In this post I will focus specifically on the reasons why line managers resist change and what to do to minimize the negative effects. Line managers are key in the implementation of change in an organization: they are those who have day to day access to their teams and that can influence and guide them through the change. They are your most powerful change agents.

However, if they are those who are resisting change, it is unlikely that will play an active role as a change facilitator. On the contrary, with their resisting behavior they can “kill” your initiative. Therefore, it is important to understand why they may resist change and to be proactive in minimizing its detrimental effects.

 

 

Let’s start with the first question: why do senior managers and line managers resist change? There are several reasons.

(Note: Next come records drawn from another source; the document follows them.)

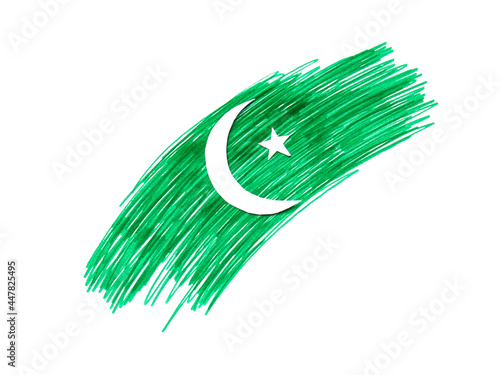 Flag of Pakistan drawn on w...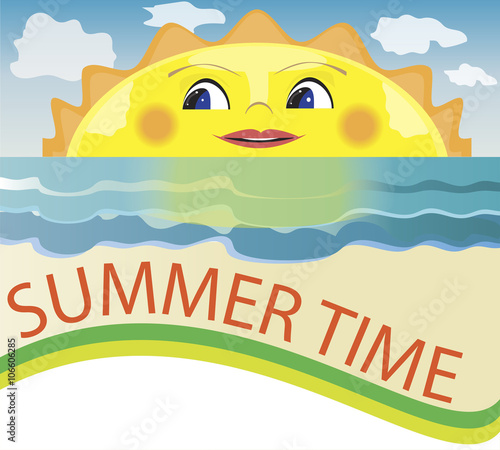 Summer background, peeking cartoon sun, smiling sun. Vector illustration.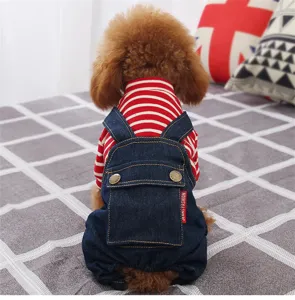 Pet dog denim overalls cute striped four-legged jumpsuit clothing detail view for small dogs puppy teddy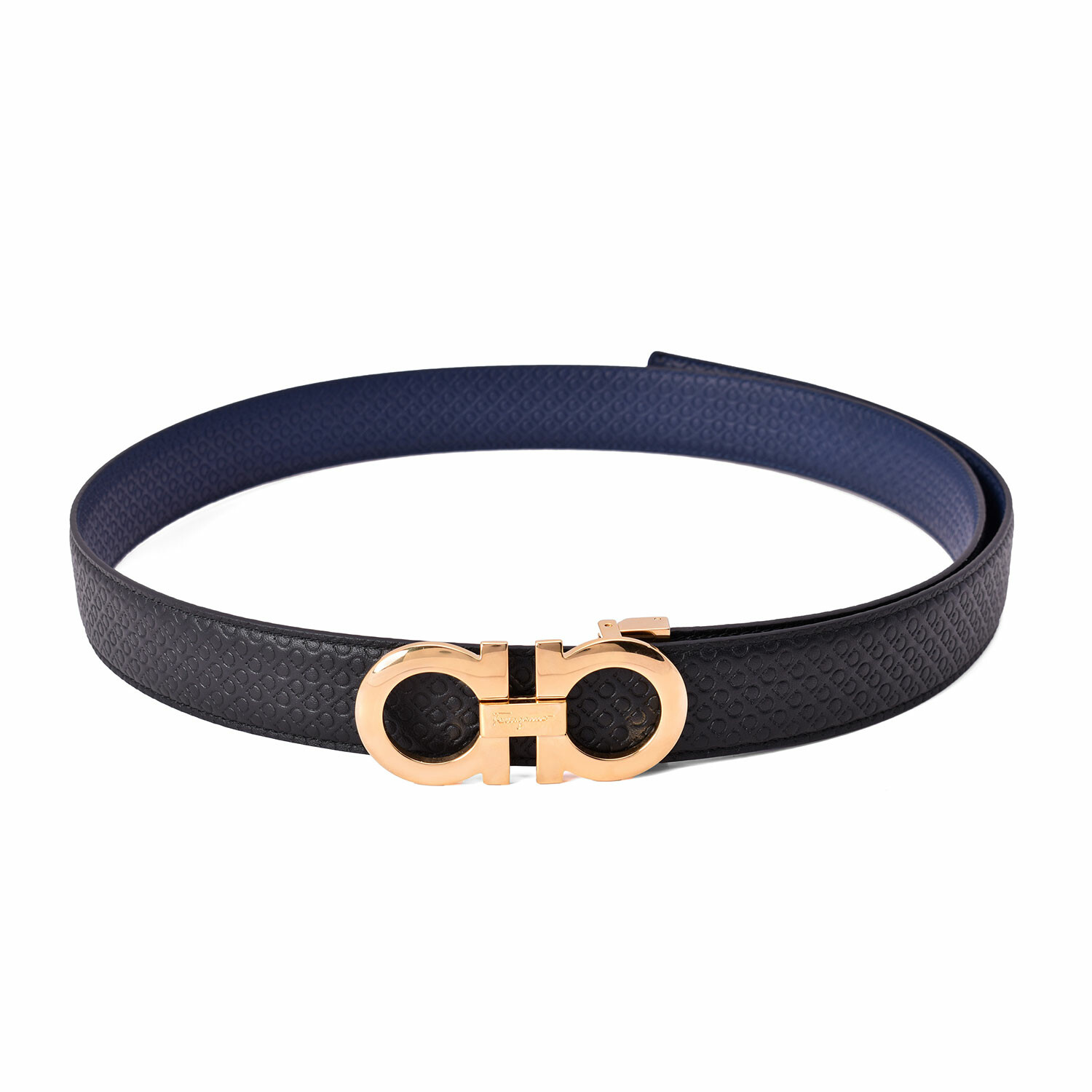 Salvatore Ferragamo Logo Cut-To-Fit Reversible Belt // Black + Blue ...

The most relevant are:

  • They feel left out: it is not unusual for the executives to make decisions on a change initiative without involving the line managers (or even these managers’ bosses!).  On one side, not involving them also at planning stage is a missed opportunity: they are in the best position to provide valuable input on how things work now and on the impact of the proposed change. On the other hand, not involving them up to a very late stage may send a sign that their voice (and work) is not deemed important.
  • Increased workload: usually change has to be implemented in addition to the business as usual. Already stretched managers may reach a point of saturation, and resist the change initiative that can be the tipping point. Let’s also consider that change usually has an initial impact on the individuals’ performance, that decreases when people have to learn the new way of doing things. Managers may feel that they will be considered responsible for such loss of productivity.
  • Negative impact on their role: many managers think that the change initiative, once implemented, will reduce the impact of their role and – in some cases – that could potentially lead to the loss of their job. There is also an issue relating to status: a detrimental change in their job title or in their position in the organizational structure.
  • Impact on their team: if line managers believe that the change initiative will lead to a reduction in their resources (cut in the headcount), they will very likely resist such initiative.
  • Past failures: every organization has faced failure when change is implemented. It is not unusual for the executives to be willing to implement the “flavor of the month” just to steer away from this path when something new catches their attention or someone new is appointed in a senior position.

 

What can an organization do about resistance and remedy these issues? There are several actions that can be taken.

NB: let’s clarify that resistance cannot be erased. You will very likely have some individuals that don’t agree 100% with the change initiative and aren’t fully on board. That’s OK, as long as their conduct is not going to be detrimental and derail the initiative itself. You would have to assess the stakeholders map and the level of influence that the resisting individual has within the organization.

In order to minimize managers’ resistance you can:

A. Involve them in the decision process from the early stages: ask for their point of view, consult with them as subject matter experts. Get out of the mentality that operational activities are not important and that what really matters is the strategy. You need both to be successful at change. Successful executives open a two-way dialogue about the why and the what of change from the outset. Remember: your line managers are your most effective change agents. If they are not on board your initiative will very likely fall flat.

B. Give them suitable tools/resources and enough time: expecting managers to deliver change successfully if they are already super stretched with time and resources is not reasonable. Instead, provide them with the required training to be better leaders, with enough resources (whether financial and human) to fulfill their day to day objectives and achieve the change  milestones. It is important to consider their competing priorities and to manage expectations accordingly.

C. Support them from the top: senior executives have to be visible and cooperative. This element goes back to the importance of selecting an effective change sponsor.  Line managers to be great change agents need to feel that their voice is heard, that the top management believes in the change initiative and that their efforts are considered important and worthwhile.